(Work required): Look through the listing below for the line containing "DIJUAL Madu Sarang". Copy it and each line after it up to and including the line containing "polar cs200", exactly, leaving out pictures.

(Records to process):
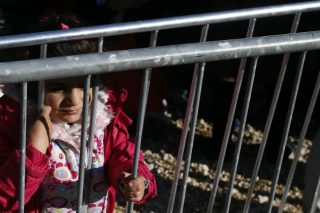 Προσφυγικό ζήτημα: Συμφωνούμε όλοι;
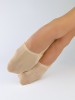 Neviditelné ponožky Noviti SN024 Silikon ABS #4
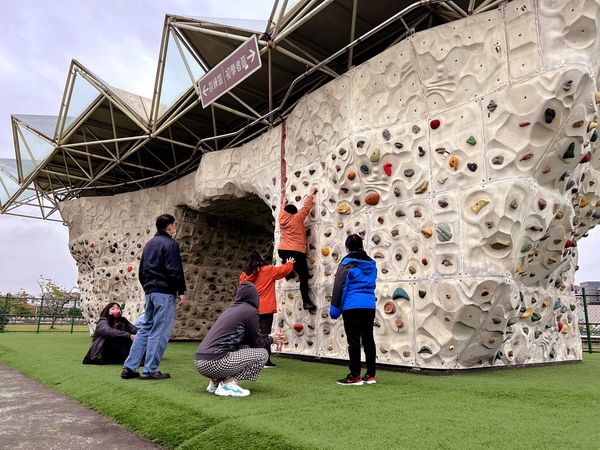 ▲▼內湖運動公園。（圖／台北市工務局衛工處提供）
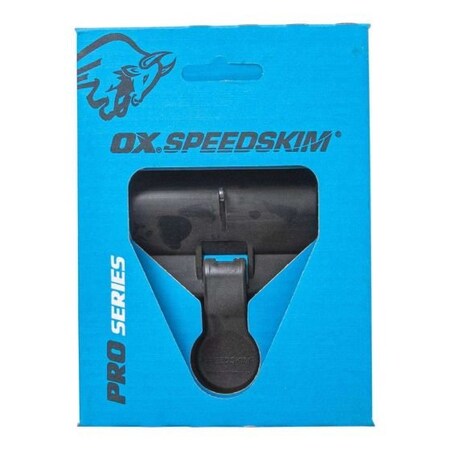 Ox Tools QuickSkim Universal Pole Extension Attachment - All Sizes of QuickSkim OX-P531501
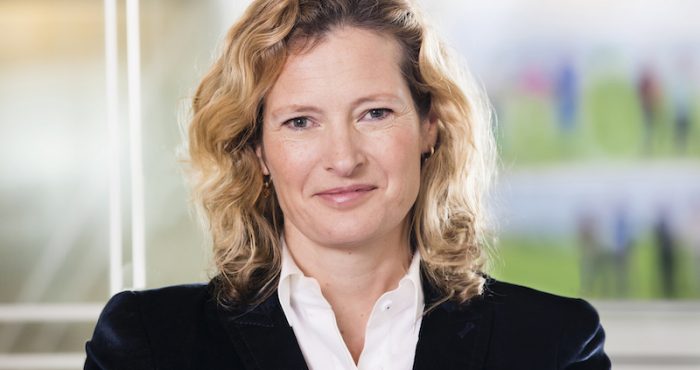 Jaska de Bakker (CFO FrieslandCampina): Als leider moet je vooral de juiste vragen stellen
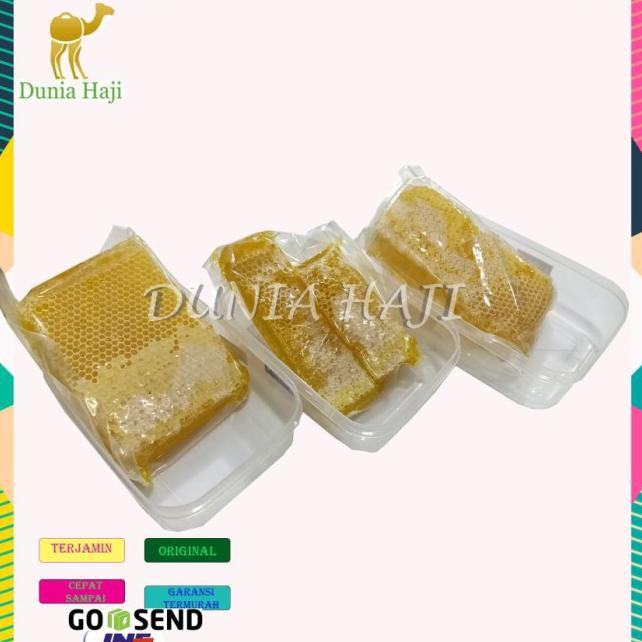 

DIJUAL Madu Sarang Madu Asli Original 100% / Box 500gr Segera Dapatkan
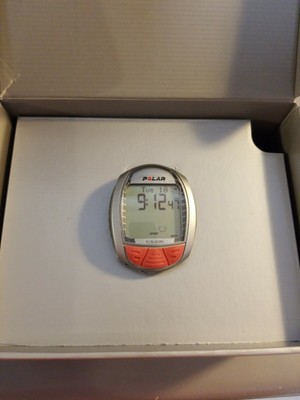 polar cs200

...

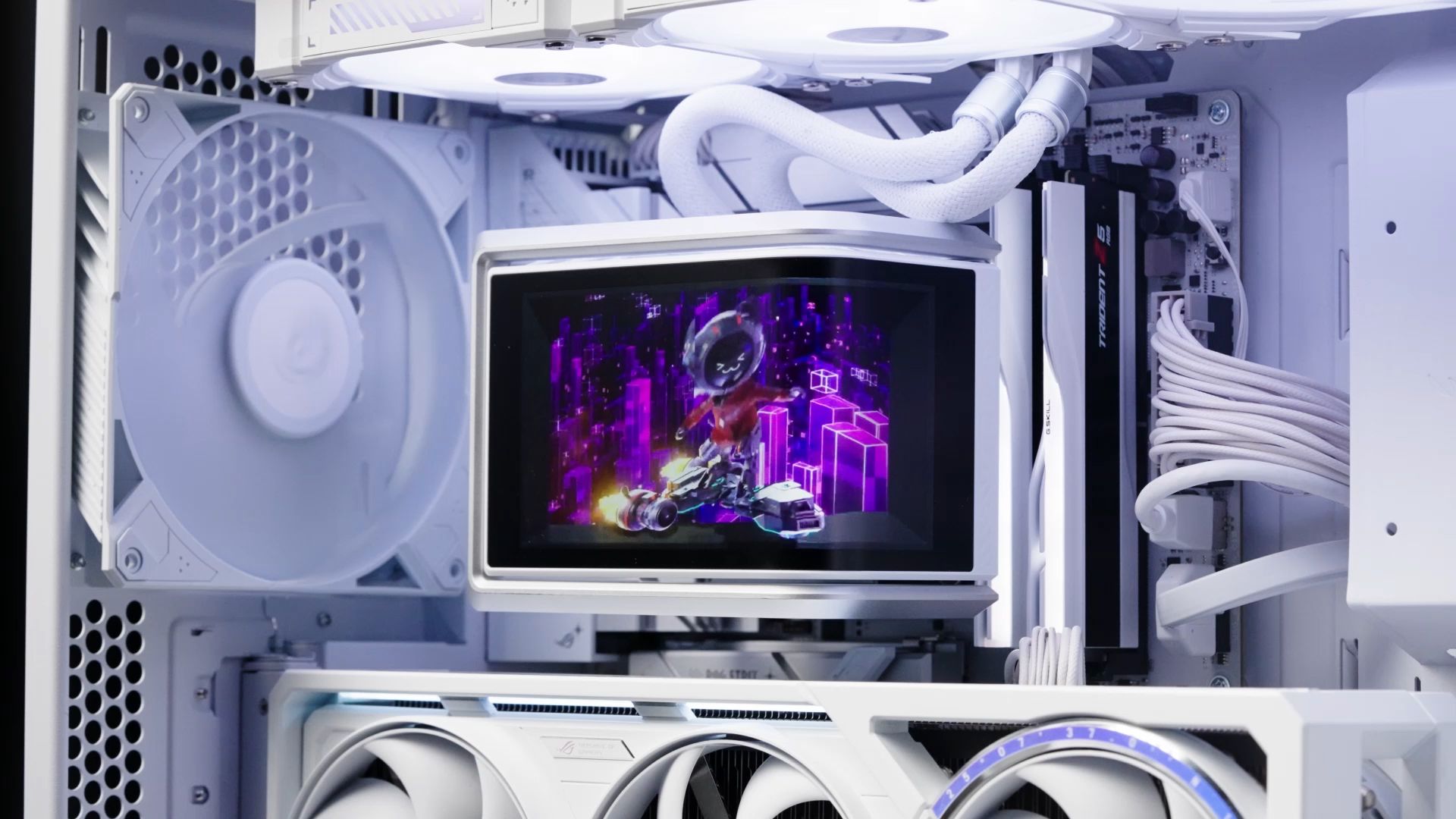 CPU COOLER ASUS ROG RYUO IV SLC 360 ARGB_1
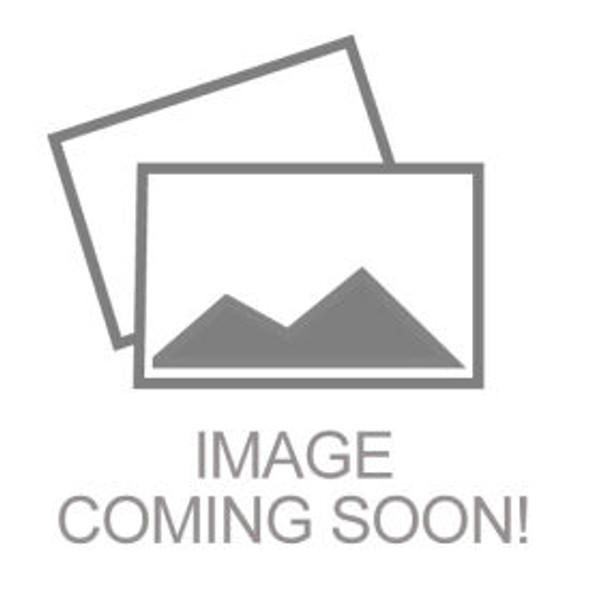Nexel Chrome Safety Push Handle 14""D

(Task output):
DIJUAL Madu Sarang Madu Asli Original 100% / Box 500gr Segera Dapatkan
 polar cs200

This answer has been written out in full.